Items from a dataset
◇ ◇ ◇ ◇
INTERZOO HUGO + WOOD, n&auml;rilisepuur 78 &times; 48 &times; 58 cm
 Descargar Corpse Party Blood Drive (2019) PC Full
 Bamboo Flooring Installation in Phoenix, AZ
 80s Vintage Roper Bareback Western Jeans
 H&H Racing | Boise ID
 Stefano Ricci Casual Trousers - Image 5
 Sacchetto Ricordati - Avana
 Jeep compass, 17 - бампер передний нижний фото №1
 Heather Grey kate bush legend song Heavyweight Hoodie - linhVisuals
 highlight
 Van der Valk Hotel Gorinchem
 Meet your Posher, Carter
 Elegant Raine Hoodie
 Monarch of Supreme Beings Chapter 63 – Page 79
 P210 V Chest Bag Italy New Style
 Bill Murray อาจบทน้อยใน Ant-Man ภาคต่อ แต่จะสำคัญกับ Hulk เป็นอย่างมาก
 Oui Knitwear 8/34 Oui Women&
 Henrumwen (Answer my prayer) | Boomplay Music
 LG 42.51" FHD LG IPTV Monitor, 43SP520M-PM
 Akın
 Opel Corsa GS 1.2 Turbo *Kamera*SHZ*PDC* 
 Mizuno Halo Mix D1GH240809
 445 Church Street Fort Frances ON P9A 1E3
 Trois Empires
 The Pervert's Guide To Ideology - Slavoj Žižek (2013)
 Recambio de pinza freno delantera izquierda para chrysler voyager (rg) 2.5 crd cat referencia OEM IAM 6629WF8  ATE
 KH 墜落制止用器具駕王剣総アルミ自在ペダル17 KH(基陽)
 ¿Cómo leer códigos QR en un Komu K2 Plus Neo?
◇ ◇ ◇ ◇
* **What the task asks**:
Give again exactly, and only, the lines above starting at the one with "Oui Knitwear 8/34 Oui Women&" and ending at the one with "The Pervert's Guide".

* **Result**:
 Oui Knitwear 8/34 Oui Women&
 Henrumwen (Answer my prayer) | Boomplay Music
 LG 42.51" FHD LG IPTV Monitor, 43SP520M-PM
 Akın
 Opel Corsa GS 1.2 Turbo *Kamera*SHZ*PDC* 
 Mizuno Halo Mix D1GH240809
 445 Church Street Fort Frances ON P9A 1E3
 Trois Empires
 The Pervert's Guide To Ideology - Slavoj Žižek (2013)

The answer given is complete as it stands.